TASK STATEMENT:
All lines from the one containing "Coque iPhone 15" through the last line of the listing should be given again exactly, with no pictures.

**** DATA SECTION

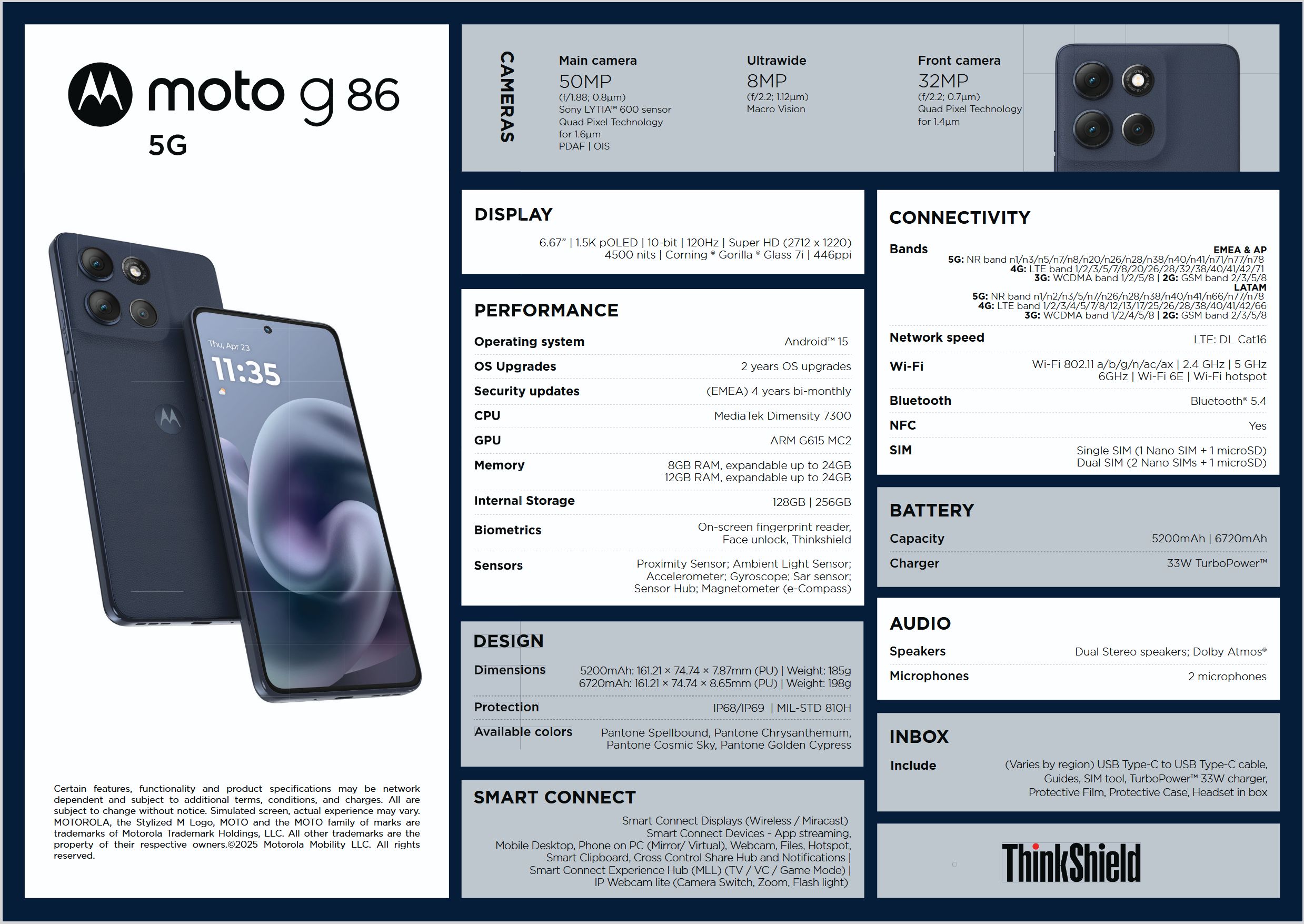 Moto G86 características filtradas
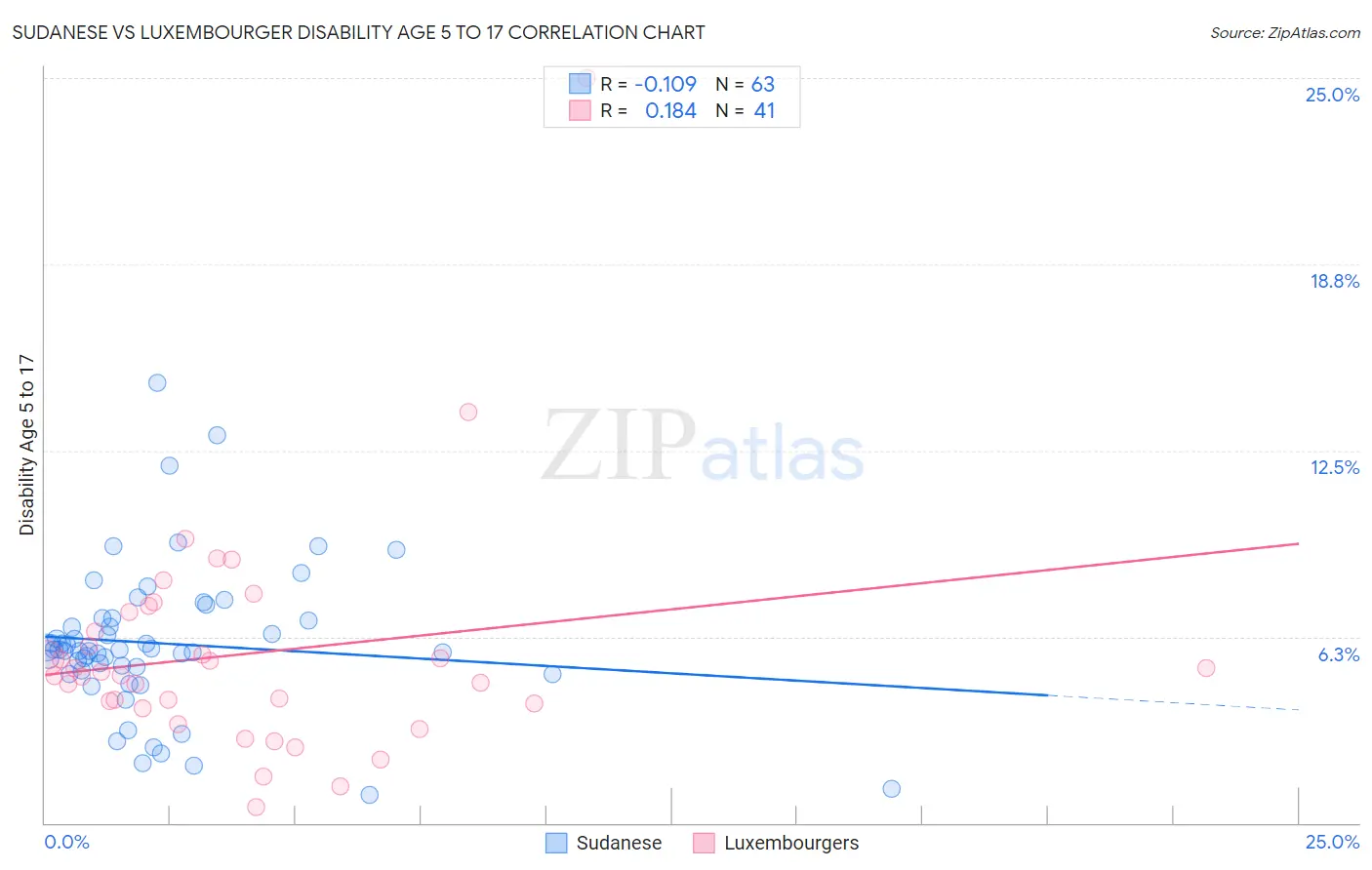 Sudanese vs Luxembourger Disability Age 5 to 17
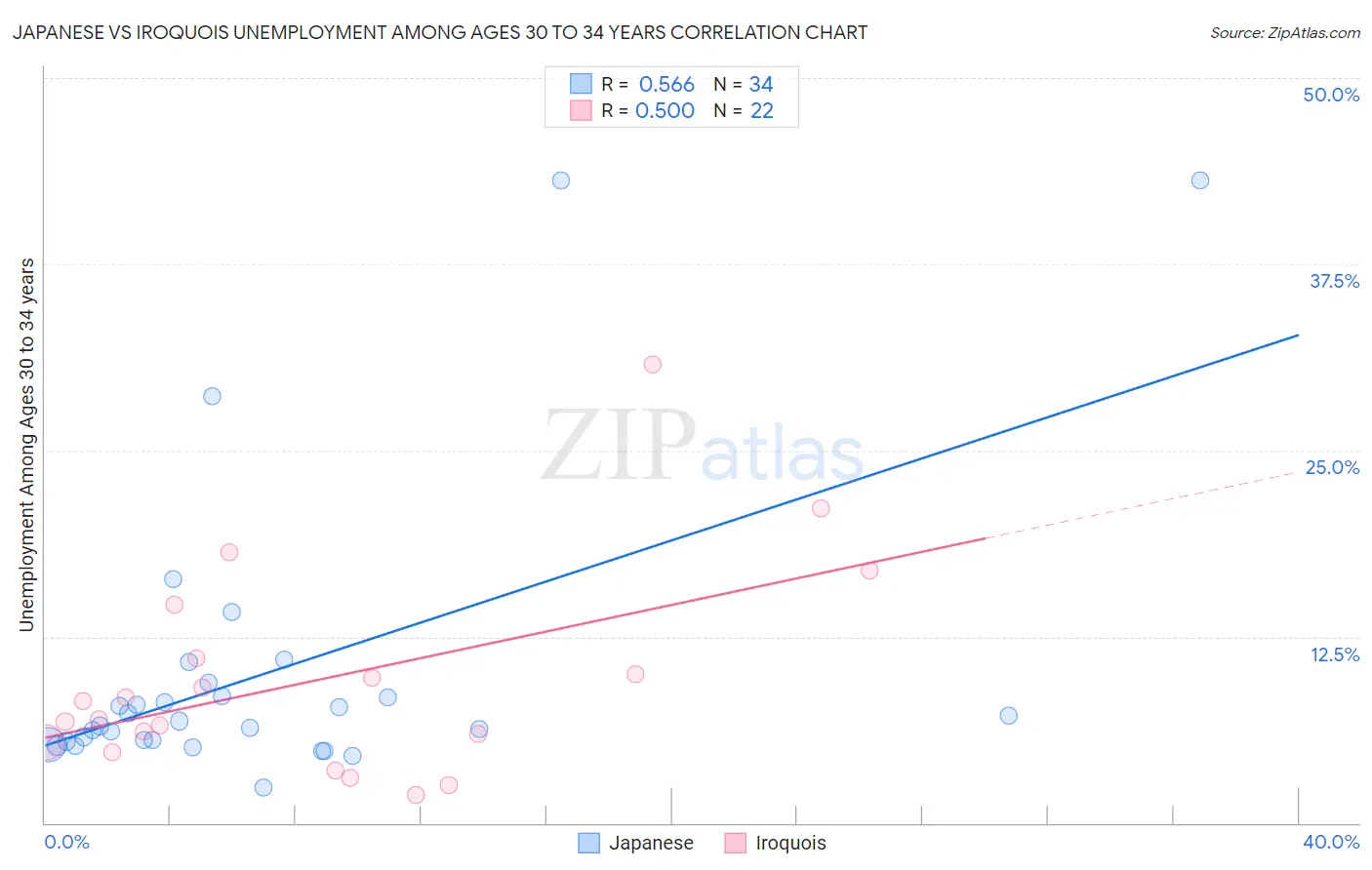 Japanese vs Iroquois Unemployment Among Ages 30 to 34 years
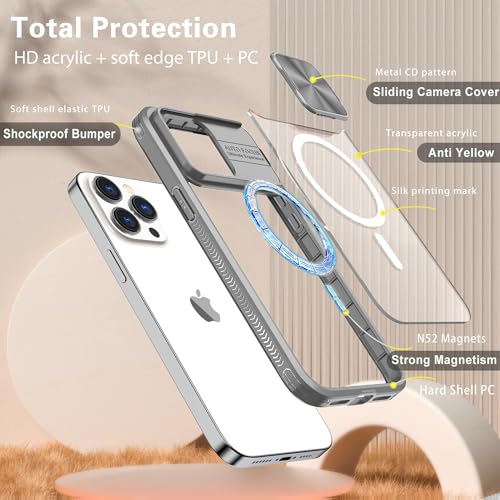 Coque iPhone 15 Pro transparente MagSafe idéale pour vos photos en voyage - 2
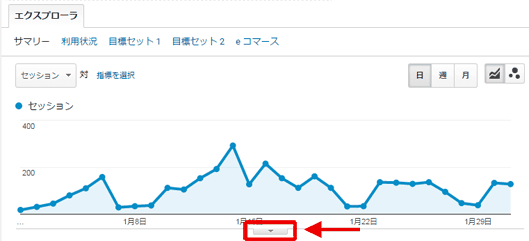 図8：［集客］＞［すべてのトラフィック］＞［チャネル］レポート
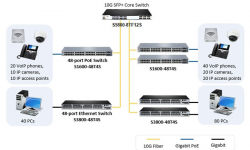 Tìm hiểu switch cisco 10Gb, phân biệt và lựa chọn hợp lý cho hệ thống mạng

********

EXERCISE RESULT:
 Coque iPhone 15 Pro transparente MagSafe idéale pour vos photos en voyage - 2
 図8：［集客］＞［すべてのトラフィック］＞［チャネル］レポート
 Tìm hiểu switch cisco 10Gb, phân biệt và lựa chọn hợp lý cho hệ thống mạng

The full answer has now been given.